This is a continuation of this blog, where I tried to find the most active member of a whatsApp group. Interestingly it turned out to be myself, and I decided to find out the most frequent words used by me. First objective was to filter out only the messages typed by me, and grep is my saviour here.
$cat chat.txt | grep Sreedish
19 Apr 11:32 pm - Sreedish: how long is the course duration
19 Apr 11:32 pm - Sreedish: and timing of classes?
19 Apr 11:33 pm - Sreedish: monday to sunday ?
But this resulted in some unwanted lines where the other members of the group referred to my name, like this:
16 Apr 10:37 pm - Aravind S Chennai: Sreedish is driving
The next objective was to get the messages typed by name. So it needed some more extra parsing of the text. I made use of the fact that the sender name will be always caught in between a hyphen and a semicolon like this "- Sreedish:" after the time stamp.
$cat chat.txt | awk -F '-' '{print $2}' | awk -F ':' '{if($1 ~ "Sreedish")print $2}'
planning to attend regularly?
how long is the duration?
So splitting the messages by a hyphen and semicolon and making a "if" check for my name was giving me the perfect result that I wanted. I actually verified it by printing $1 instead of $2 in the if block.
Next task was to tokenise the sentences to words, so that I can count the occurrences. I had to google to figure out how this can be done, and came across this translate command in Unix. I had seen people using this, but I never used it before. A quick read through man page of "tr" gave me an idea of how powerful this utility is. "tr" copies the standard input to the standard output with substitution or deletion of selected characters. $cat chat.txt | awk -F '-' '{print $2}' | awk -F ':' '{if($1 ~ "Sreedish")print $2}' | tr -cs '[:alnum:]' '\n'
The good this with this command was that, it also stripped out the special characters and injected only the alphanumeric characters into our analysis. All that what remaining was to make a count. and here we go.

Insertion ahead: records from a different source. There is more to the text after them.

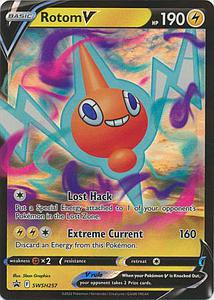 Pokemon Trading Card Game: Sword & Shield Rotom V - SWSH257 (Promo) (TAX HOLIDAY)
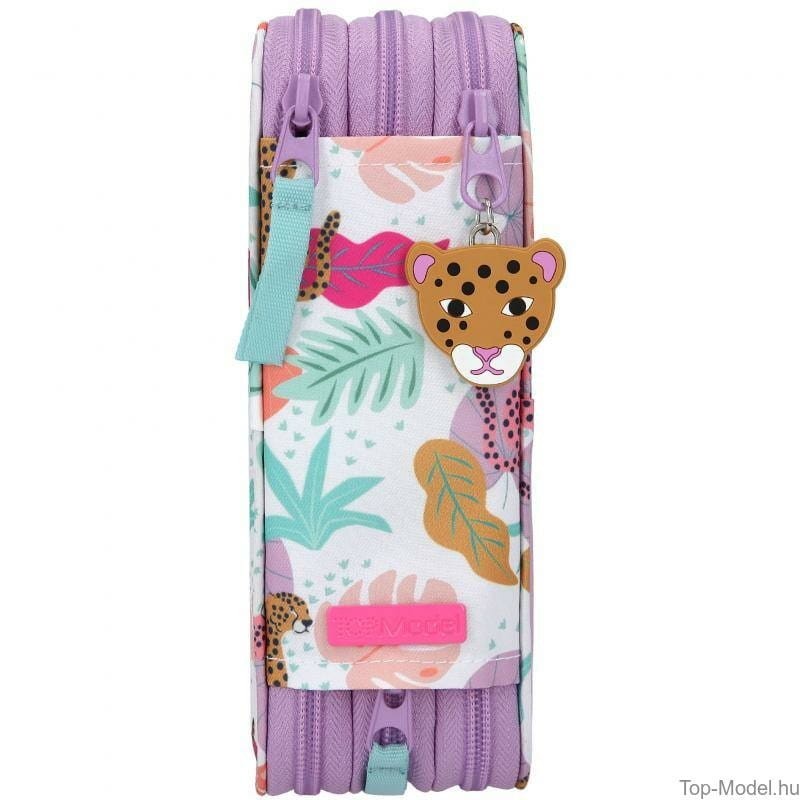 Potrójny Piórnik z Wyposażeniem - TopModel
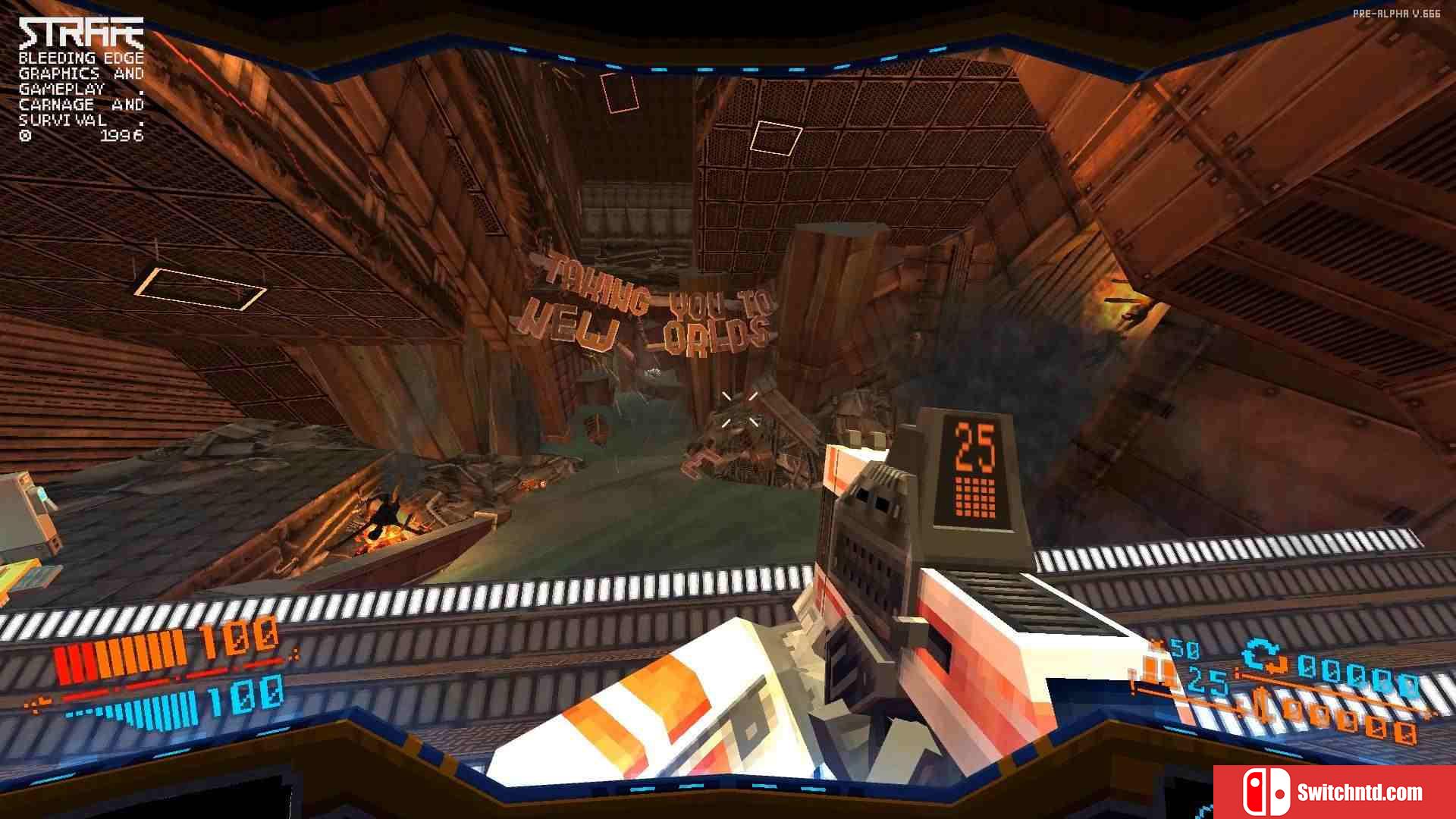 《扫射（STRAFE）》黄金版 PLAZA镜像版[EN]_1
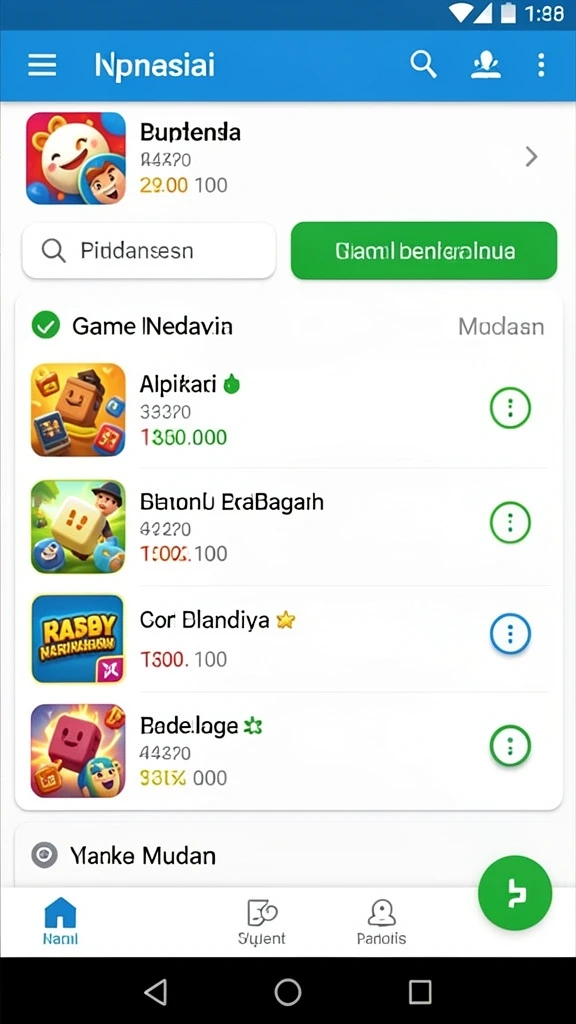 Tangkapan layar memperlihatkan karakter utama dalam pertarungan epik.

But the result still had some problem. 62 times 'i' and 444 times 'I'
62 i
444 I
And at this point i realised the words are coming case sensitive. So one more step to be done to make the tokenised words all to small case.
cat chat.txt | awk -F '-' '{print $2}' |
awk -F ':' '{if($1 ~ "Sreedish")print $2}' |
tr -cs '[:alnum:]' '\n'|tr '[:upper:]' '[:lower:]' |
sort | uniq -c | sort
And it gave me this "506 i" and this was exactly I wanted. And the top words of total word count were
137 will 140 are 149 of 164 it 235 for 236 jith 241 a 242 in 263 the 272 to 295 and 342 is 410 you 506 i
Most of these words are stop words and can be easily filtered out by a "grep -v", which should give more meaningful insights about the frequent words.
ps: Another interesting thing that can be done on top of this is stemming and Porter stemmer is one very easy stemmer.